Истоки радостного, пасхального мироощущения Благининой – в ее раннем детстве, в ее семье. Дедушка Елены Александровны по матери Михаил Иванович Солнышкин был священником. Именно он научил ее грамоте, церковно-славянскому языку. Память о детстве, проведенном в орловском селе Яковлеве, о строгом и возвышенном строе жизни, о семейных отношениях, проникнутых духом христианской любви, о церковных службах и праздниках стала основой для формирования мировидения поэтессы, ее личности и творчества. Благинина вспоминает:
«Великопостные песнопения «Чертог твой вижду, Спасе мой» или «Да исправится молитва моя я слышу в себе до сих пор так же, как, скажем, концерт для гобоя и скрипки Вивальди или фуги Баха… Помню отец всегда плясал, идя после Пасхальной заутрени под перезвон колоколов. Мать тревожилась: все-таки под колокольный звон плясать нехорошо» [3, с.10].

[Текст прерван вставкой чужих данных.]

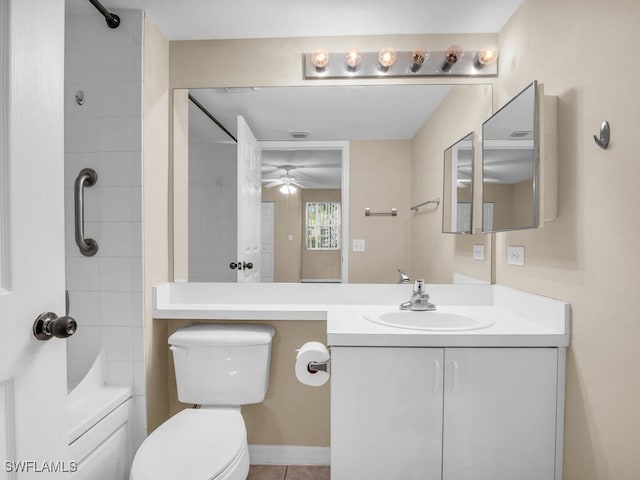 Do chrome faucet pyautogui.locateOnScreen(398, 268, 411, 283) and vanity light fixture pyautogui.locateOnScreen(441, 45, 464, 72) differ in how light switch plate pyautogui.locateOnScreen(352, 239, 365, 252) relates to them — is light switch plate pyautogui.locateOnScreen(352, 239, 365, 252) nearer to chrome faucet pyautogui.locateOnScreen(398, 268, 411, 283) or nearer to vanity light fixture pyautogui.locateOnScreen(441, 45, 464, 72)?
chrome faucet pyautogui.locateOnScreen(398, 268, 411, 283)

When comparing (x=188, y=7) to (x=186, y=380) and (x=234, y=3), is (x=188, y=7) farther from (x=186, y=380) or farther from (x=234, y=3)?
(x=186, y=380)

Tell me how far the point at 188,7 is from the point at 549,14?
1.53 metres

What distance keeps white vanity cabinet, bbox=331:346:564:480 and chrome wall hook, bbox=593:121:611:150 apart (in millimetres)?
737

Заметим, что веселье отца Елены Благининой в пасхальную ночь никоим образом не противоречит православным канонам, соответствуя самому духу, атмосфере этого Великого Праздника. Вспомним телевизионные сюжеты о сошествии Благодатного огня – самозабвенные танцы православных арабов перед входом в Храм Гроба Господня [2, с.11]. В пятой же песне Пасхального канона преподобного Иоанна Дамаскина поется: «Безмерное Твое благоутробие, адовыми узами содержимии зряще, к свету идяху, Христе, веселыми ногами, Пасху хваляще вечную».

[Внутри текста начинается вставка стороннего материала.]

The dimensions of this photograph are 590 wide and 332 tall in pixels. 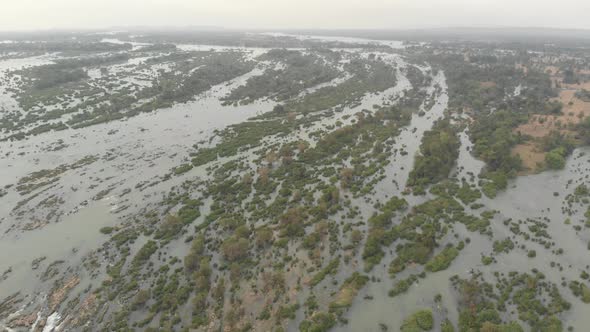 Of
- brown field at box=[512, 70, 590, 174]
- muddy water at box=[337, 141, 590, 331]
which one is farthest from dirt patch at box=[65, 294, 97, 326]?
brown field at box=[512, 70, 590, 174]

В статье «Опровержение на критики и замечания на собственные сочинения» А.С. Пушкин писал: «Альфиери изучал итальянский язык на флорентинском базаре: не худо нам иногда прислушиваться к московским просвирням. Они говорят удивительно чистым и правильным языком» [7, с. 348].
Елена Александровна Благинина вышла из той же среды, из которых выходили московские просвирни. Ее речь – чисто русская по своим истокам – в то же время, вбирает в себя и живительную церковно-славянскую языковую традицию, усвоенную с детства, в глубоко православной семье. При этом Елена Александровна получает блестящее высшее образование, проходит школу поэтического искусства у Валерия Яковлевича Брюсова и Георгия Аркадьевича Шенгели, оканчивает Высший литературно-художественный институт в 1925 году. Была очень дружна с Анной Ахматовой, которая прекрасно понимала масштаб личности и дарования Благининой, относилась к ней как к равной. Памяти Ахматовой посвящено одно из неопубликованных при жизни Елены Александровны стихотворений - Anno Domini (лат.: В лето Господне, т. е. в ... году от Рождества Христова). Этот заголовок повторяет наименование одного из наиболее известных циклов Анны Ахматовой при этом искусно обыгрывается совпадение звучания имени «Анна» с латинским названием года: «Как живется, затворница,/На т о м берегу?/Хороша ль твоя горница/В последнем снегу?//Может елки не ластятся,/Иль не желты пески?/Иль земное злосчастьице/Память рвет на куски?//Иль в небесной хоромине/Ты светла и легка?/И течет Anno Domini/ Над тобой, как река...»;
Поэзия Благининой отличается солнечной природой, прозрачной ясностью, легкостью, богатством и разнообразием языка, на фоне искусного варьирования ритма, стиховых регистров, смены и игры интонаций. Этот сплав народной речи, церковнославянской языковой стихии, пушкинских традиций «нагой простоты», изысканных образов и виртуозной весификацонной техники русского модерна делает стихи Елены Александровны Благининой уникальной. В ее лирике встречаются Золотой и Серебрянный век русской поэзии.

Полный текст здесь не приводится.